8.3. Expectations of Functions#

Once we have a random variable, we often want to work with functions of it. For example, if a random variables is an estimator, we usually want to see how far it is from the value it is trying to estimate. For example, we might want to see how far a random variable \(X\) is from the number 10. That’s a function of \(X\). Let’s call it \(Y\). Then

\[ Y = |X - 10| \]

This section is about finding the expectation of a function of a random variable whose distribution you know. Throughout, we will assume that all the expectations that we are discussing are well defined.

In what follows, let \(X\) be a random variable whose distribution (and hence also expectation) are known.

8.3.1. Linear Function Rule#

Let \(X\) be a random variable with expectation \(E(X)\) and let \(Y = aX + b\) for some constants \(a\) and \(b\).

This kind of transformation happens for example when you change units of measurement.

  • If you switch from Celsius to Fahreneheit, then \(a = 9/5\) and \(b = 32\).

  • If you switch from inches to centimeters, then \(a = 2.54\) and \(b = 0\).

We can find \(E(Y)\) by applying the definition of expectation on the domain \(\Omega\).
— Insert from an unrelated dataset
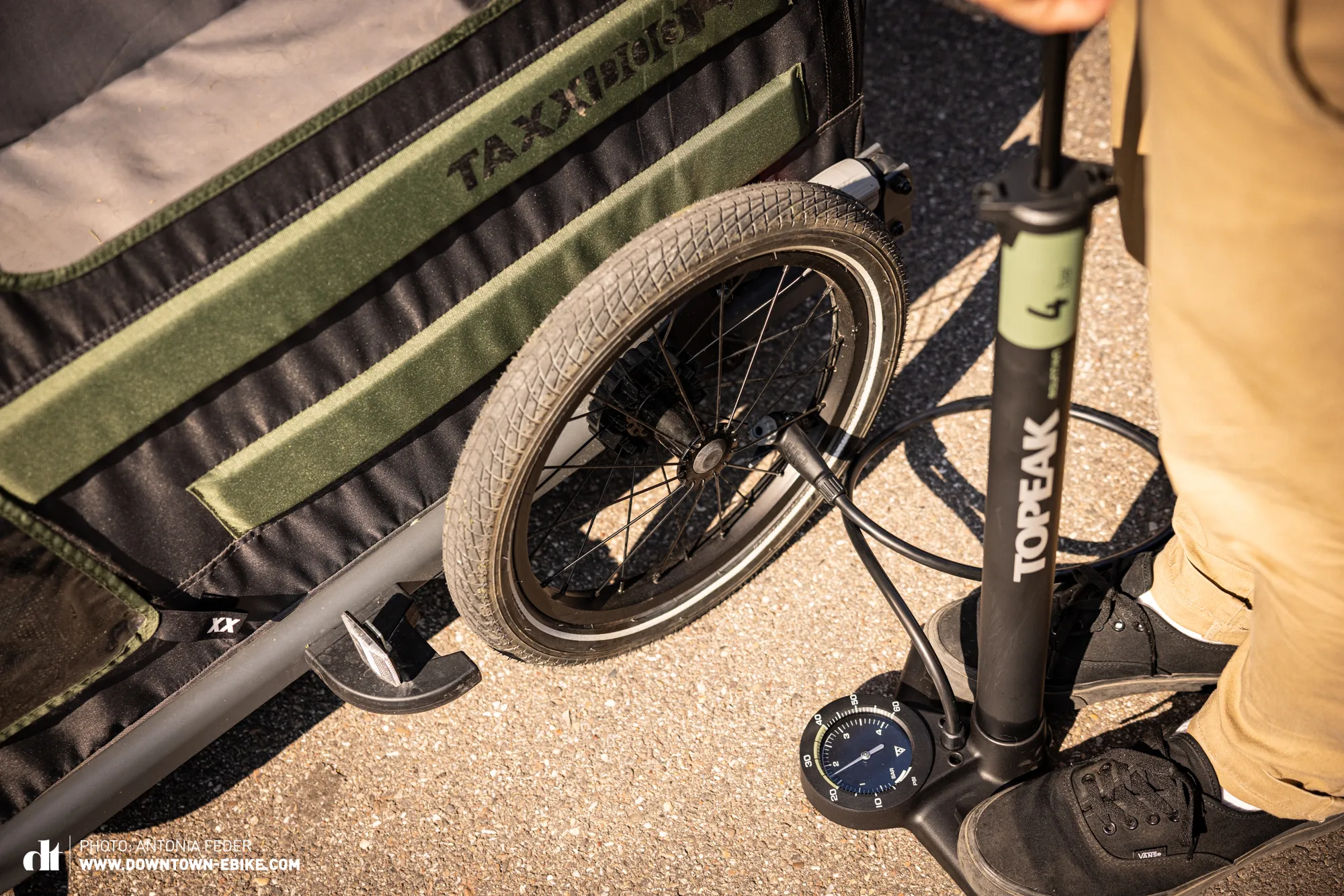 Before a ride, a person checks and inflates the tires of a dog bike trailer.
For every \(\omega \in \Omega\), we have \(Y(\omega) = aX(\omega) + b\). So

\[\begin{split} \begin{align*} E(Y) ~ &= ~ \sum_{\text{all }\omega} (aX(\omega)+b)P(\omega) \\ &= ~a \sum_{\text{all }\omega} X(\omega)P(\omega ) + ~b \sum_{\text{all }\omega} P(\omega )\\ &= ~aE(X) + b \end{align*} \end{split}\]

For example, \(E(2X - 3) = 2E(X) - 3\). Also \(E(X/2) = E(X)/2\), and \(E(1 - X) = 1 - E(X)\).

The expectation of a linear transformation of \(X\) is the linear transformation of the expectation of \(X\). This is a handy result as we will often be transforming variables linearly.

Quick Check

Let \(X\) be a random variable with \(E(X) = 5\).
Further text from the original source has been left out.